У меня задеревенели язык и десны от неожиданности и рот стал как забит ватой, когда я стал говорить. Я говорил спокойно – сейчас он уедет и поедешь ты, – но язык выдавал. Он кричал – я сумасшедший, у меня справка и сейчас я могу все. Он подцепил ведро и стал пинать по полу чтобы перебудить весь дом. А тот с той стороны непрерывно ему подавал звонки (122).

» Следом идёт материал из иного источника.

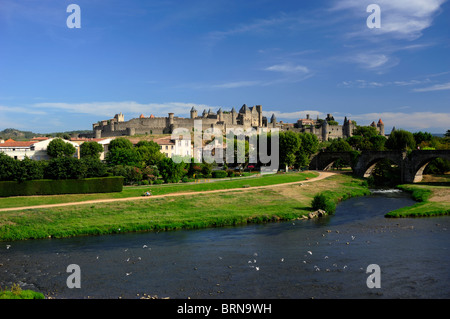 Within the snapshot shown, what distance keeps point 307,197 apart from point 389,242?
18.7 metres

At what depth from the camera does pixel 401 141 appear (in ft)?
271

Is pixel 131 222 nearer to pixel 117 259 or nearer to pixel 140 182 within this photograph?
pixel 117 259

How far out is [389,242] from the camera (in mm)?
24031

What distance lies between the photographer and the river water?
1677 centimetres

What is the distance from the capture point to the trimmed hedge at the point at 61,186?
3638cm

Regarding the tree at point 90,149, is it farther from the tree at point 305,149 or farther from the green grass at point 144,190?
the tree at point 305,149

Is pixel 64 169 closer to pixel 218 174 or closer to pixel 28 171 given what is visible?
pixel 28 171

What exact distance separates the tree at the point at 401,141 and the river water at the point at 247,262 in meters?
56.1

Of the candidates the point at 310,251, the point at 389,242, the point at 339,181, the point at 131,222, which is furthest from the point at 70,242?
the point at 339,181

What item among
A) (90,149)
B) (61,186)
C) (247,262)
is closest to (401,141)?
(90,149)

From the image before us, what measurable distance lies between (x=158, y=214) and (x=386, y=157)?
141ft

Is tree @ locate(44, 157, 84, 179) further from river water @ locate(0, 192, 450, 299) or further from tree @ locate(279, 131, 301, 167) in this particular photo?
tree @ locate(279, 131, 301, 167)

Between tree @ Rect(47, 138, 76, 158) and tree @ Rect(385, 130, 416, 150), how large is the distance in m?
62.9

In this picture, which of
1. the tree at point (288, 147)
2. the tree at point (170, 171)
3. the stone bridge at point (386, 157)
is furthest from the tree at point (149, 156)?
the stone bridge at point (386, 157) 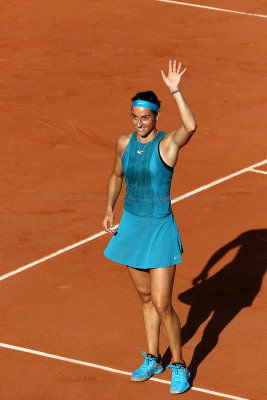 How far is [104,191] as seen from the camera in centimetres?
1457

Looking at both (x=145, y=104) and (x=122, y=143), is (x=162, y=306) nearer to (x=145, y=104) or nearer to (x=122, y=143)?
(x=122, y=143)

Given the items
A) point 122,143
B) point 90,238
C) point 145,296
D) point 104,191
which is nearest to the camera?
point 122,143

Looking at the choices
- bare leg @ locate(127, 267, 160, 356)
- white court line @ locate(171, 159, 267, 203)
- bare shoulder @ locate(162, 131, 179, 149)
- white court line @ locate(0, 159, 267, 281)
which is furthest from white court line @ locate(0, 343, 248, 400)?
white court line @ locate(171, 159, 267, 203)

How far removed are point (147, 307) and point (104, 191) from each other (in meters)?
5.68

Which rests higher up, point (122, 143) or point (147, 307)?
point (122, 143)

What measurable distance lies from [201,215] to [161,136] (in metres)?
5.15

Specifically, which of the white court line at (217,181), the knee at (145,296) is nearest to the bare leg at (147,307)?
the knee at (145,296)

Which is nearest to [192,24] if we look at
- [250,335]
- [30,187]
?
[30,187]

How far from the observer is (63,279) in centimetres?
1153

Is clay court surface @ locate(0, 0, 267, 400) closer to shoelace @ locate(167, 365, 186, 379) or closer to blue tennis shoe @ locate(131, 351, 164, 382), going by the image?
blue tennis shoe @ locate(131, 351, 164, 382)

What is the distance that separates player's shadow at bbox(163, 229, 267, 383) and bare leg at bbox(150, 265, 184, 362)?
2.73 ft

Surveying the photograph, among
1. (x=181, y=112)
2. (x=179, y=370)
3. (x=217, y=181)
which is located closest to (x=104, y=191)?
(x=217, y=181)

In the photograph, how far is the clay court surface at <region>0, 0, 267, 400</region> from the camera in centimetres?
969

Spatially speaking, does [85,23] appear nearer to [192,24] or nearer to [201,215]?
[192,24] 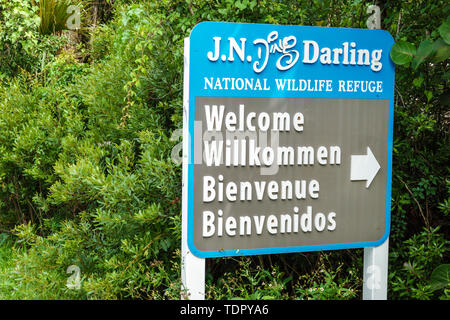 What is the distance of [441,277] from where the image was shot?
333 cm

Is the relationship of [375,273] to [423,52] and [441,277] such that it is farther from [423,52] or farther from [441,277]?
[423,52]

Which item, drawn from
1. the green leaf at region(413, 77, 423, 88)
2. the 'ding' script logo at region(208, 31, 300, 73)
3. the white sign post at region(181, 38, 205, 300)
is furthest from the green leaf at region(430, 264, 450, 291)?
the 'ding' script logo at region(208, 31, 300, 73)

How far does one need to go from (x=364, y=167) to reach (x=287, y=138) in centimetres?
55

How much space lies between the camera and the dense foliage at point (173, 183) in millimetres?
3568

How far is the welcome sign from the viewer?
3029 mm

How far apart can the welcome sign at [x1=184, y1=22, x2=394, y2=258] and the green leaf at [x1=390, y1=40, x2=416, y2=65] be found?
0.10 metres

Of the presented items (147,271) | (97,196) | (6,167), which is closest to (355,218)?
(147,271)

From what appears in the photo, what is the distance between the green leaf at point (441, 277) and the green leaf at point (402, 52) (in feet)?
4.16

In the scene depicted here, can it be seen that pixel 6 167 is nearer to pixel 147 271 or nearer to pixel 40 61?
pixel 40 61

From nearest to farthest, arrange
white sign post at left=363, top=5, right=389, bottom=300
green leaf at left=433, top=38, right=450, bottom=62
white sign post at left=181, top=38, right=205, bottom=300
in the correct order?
1. white sign post at left=181, top=38, right=205, bottom=300
2. green leaf at left=433, top=38, right=450, bottom=62
3. white sign post at left=363, top=5, right=389, bottom=300

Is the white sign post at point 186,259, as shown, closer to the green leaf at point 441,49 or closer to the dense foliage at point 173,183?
the dense foliage at point 173,183

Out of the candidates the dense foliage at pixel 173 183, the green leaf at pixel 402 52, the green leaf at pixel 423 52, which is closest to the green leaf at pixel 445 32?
the dense foliage at pixel 173 183

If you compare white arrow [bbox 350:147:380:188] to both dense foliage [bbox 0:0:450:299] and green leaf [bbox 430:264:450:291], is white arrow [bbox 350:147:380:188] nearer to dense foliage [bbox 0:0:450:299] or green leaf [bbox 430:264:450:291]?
dense foliage [bbox 0:0:450:299]

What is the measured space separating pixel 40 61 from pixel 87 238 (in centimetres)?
319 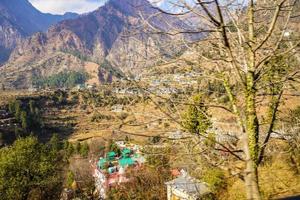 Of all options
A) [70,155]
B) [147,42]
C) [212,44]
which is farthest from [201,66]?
[70,155]

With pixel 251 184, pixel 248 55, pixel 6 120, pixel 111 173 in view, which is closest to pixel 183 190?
pixel 111 173

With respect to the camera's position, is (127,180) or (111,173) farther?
(111,173)

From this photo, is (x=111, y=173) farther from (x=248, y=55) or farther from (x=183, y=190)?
(x=248, y=55)

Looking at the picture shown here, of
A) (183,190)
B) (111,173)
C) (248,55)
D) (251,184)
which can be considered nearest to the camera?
(251,184)

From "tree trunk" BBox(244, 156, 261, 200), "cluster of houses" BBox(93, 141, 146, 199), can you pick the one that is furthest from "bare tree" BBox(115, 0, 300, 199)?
"cluster of houses" BBox(93, 141, 146, 199)

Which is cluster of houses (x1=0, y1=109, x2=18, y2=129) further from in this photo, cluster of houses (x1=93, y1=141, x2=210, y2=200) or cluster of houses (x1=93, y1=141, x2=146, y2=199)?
cluster of houses (x1=93, y1=141, x2=146, y2=199)

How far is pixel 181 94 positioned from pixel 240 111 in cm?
62

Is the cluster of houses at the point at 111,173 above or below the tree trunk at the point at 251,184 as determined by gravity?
below

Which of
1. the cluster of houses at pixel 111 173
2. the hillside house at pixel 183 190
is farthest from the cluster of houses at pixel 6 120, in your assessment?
the hillside house at pixel 183 190

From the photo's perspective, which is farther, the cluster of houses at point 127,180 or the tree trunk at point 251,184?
the cluster of houses at point 127,180

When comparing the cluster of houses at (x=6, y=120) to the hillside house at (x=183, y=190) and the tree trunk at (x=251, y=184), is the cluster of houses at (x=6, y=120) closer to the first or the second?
the hillside house at (x=183, y=190)

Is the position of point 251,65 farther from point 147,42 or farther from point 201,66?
point 147,42

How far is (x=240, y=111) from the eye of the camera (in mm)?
3158

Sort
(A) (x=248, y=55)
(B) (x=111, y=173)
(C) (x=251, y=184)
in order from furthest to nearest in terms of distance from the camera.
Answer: (B) (x=111, y=173) → (A) (x=248, y=55) → (C) (x=251, y=184) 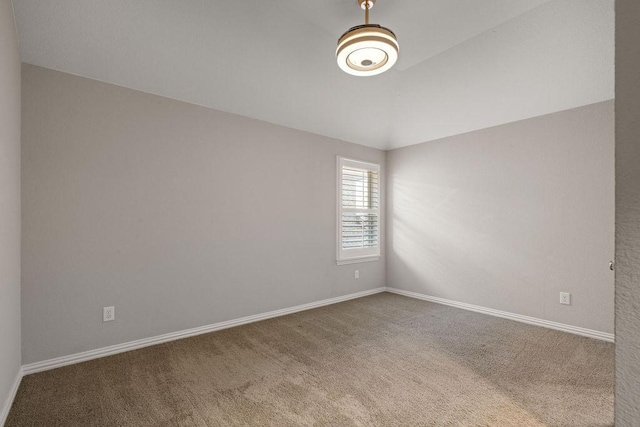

Результаты описанного конфликта оказываются самыми печальными: уязвленный Харитонов изгоняет Шилина из своей студии и разрывает отношения с Хамдамовым. «Этот жизненный эпизод вызвал у Харитонова глубокое потрясение, чем можно объяснить и тот факт, что очень сдержанный и корректный обычно Х<аритонов> иначе как „Гадина“ Хамдамова больше никогда не называл», – пишет Ярослав Могутин (1: 270). Строчки Харитонова, посвященные Хамдамову, пышут отныне самой лютой ненавистью: «Плечи узкие глаза узбецкие слепые. Ногиузбецкие короче туловища. Издали под пиджаком смотрятся как у людей. Запах калмыцкий на месте хуя писька. Не стоит. Гадина рисует, вышивает. Цветы куриной слепоты» (204). Что касается фигуры «Алеши» – которая начинает теперь регулярно встречаться в художественных текстах Харитонова – она, вероятно, имеет мало общего с прототипом; реальный человек превращен здесь почти в аллегорию жестокой и капризной красоты, в злого и ветреного ангела, запросто ускользающего от любовных притязаний автора: «А. привезут к богатым влиятельным людям как диковинку, снимут шубу, И. или К. усадят его с собой, подарят ему необыкновенные подарки и он начнет перед ними танцевать при убавленном свете, а те от А. забудут любить женщин и А. будет весело сознавать, как он сводит с ума кого захочет. А я теперь беден ему и никто в высших кругах, чтобы был интерес танцевать передо мной и оставаться со мной хоть на раз» (121).
Два важнейших прозаических текста, созданных Харитоновым в это время, – «Алеша Сережа» и «А., Р., я» – могут быть прочитаны как своего рода диптих: в каждом из них описан любовный треугольник, организованный автором ради куртуазной «игры», но ведущий в итоге к потере «Алеши». В известном смысле, Харитонов продолжает исследовать все тот же мотив «невозможности управления»; но теперь автору уже не нужны подземные ходы, своевольные предметы и похожие друг на друга люди – ситуация выходит из-под контроля, даже если в ней задействованы всего две комнаты и три человека.